Fiona Tuite
- Born: December 27, 1996 (age 29) Dublin, Ireland
- Height: 175 cm (5 ft 9 in)
- Weight: 86 kg (190 lb)

Rugby union career
- Position: Lock/Flanker
- Current team: Ulster Rugby Wolfhounds (rugby union)

International career
- Years: Team / Apps / (Points)
- 2023–: Ireland / 20 / (5)
- Correct as of 14 September 2025

= Fiona Tuite =

Irish rugby union player (b. 1996)

Fiona Tuite (born 27 December 1996) is an Irish rugby union player who plays as a second row and blindside flanker for Ulster Rugby and the Ireland women's national rugby union team. She made her international debut in 2023 and was part of Ireland's squad for the 2025 Women's Rugby World Cup.

Before switching to rugby, Tuite competed in athletics at international level, specialising in shot put. She represented Ireland in the 2013 IAAF World Youth Championships.

== Early life ==
Tuite was born in Dublin and initially pursued athletics, representing Ireland in youth competitions.

== Athletics career ==
Before her rugby career, Tuite was a promising shot put athlete. She represented Ireland at the 2013 IAAF World Youth Championships in Donetsk, Ukraine, competing in the women's shot put (3 kg). Tuite recorded a mark of 13.59 metres in the qualification round, placing 22nd overall in qualification.

== Club and provincial career ==
Tuite's strength and explosive power from athletics translated into rugby, where she joined Old Belvedere RFC and progressed to provincial rugby. She joined Ulster Rugby in 2023 and was named in their senior women's squad for the 2024 Vodafone Women's Interprovincial Championship. She took part in the official launch at the IRFU High Performance Centre and featured in Round 1 against Munster at Virgin Media Park on 10 August 2024.

She did not participate in the 2025 Interprovincial Series due to her selection for Ireland's Rugby World Cup squad.

Tuite has also featured for the Wolfhounds in the cross-border Celtic Challenge competition. She made four appearances for the Wolfhounds in the winning 2023–24 series, as confirmed in the squad announcement ahead of the 2024–25 competition. In December 2024 she was named to make their first Celtic Challenge starts of the season, lining up in the starting XV against Wales’ Gwalia Lightning at Virgin Media Park, Cork. The Wolfhounds claimed their second title.

== International career ==
Tuite earned her first cap for Ireland in 2023 and has since become a regular starter in the pack. She was selected for the 2025 Women's Rugby World Cup squad and made her tournament debut in Ireland's opening match against Japan, scoring a try and completing nine lineout takes in a 42–14 win. She played the full 80 minutes and led all Irish forwards with 37 metres carried and 19 post-contact metres.

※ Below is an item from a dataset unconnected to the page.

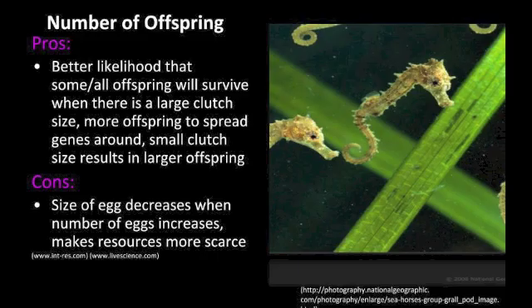The number of offspring a female has is typically determined by two things: the number of offspring being made and the size of the offspring. The pros of having a larger clutch size is that some or all of the offspring will survive when there are more of them. There is also the ability for more offspring to spread genes around.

As of August 2025, she had accumulated 18 caps and 5 points for Ireland. Her consistency in set-piece execution and defensive work rate have made her a key figure under head coach Scott Bemand.

== Style of play ==
Tuite is known for her aggressive tackling, aerial dominance in lineouts, and versatility across the forward pack. During the 2025 World Cup, she posted a 100% lineout success rate, completed 9 tackles, and won 1 turnover. She also made 7 successful passes with zero handling errors, demonstrating her reliability in phase play. She often plays as a second row but has also featured at blindside flanker, offering Ireland tactical flexibility in both attack and defence.

== Personal life ==

Tuite's athletic journey began in Gaelic football and track and field, representing Dublin at underage levels before gaining a place in the Ireland U18 Sevens camp ahead of the 2013 European Championships in Sweden. Injuries – notably an ankle fracture and a broken foot that kept her sidelined for almost three years – curtailed her early sevens career, but she made her first 15-a-side appearance for Trinity University before joining Old Belvedere RFC. Two seasons later, she earned her first cap for Ulster. In February 2020, she moved to Belfast to take up a role as a medical physiotherapist at the Ulster Hospital, where she worked on COVID-19 wards throughout the pandemic.

She maintains fitness by running, swimming (often at Helen's Bay with her dog), and HIIT/body-weight sessions. Her go-to pre-match anthem is “Turbulence” by Steve Aoki.

Tuite has spoken publicly about the support of her family and teammates, particularly during her World Cup debut, describing it as “a day of firsts” and “a dream come true”. She is also active in promoting women's rugby and youth sport development in Ulster and Ireland.

She married Ulster men's rugby player Eric O'Sullivan in July 2026.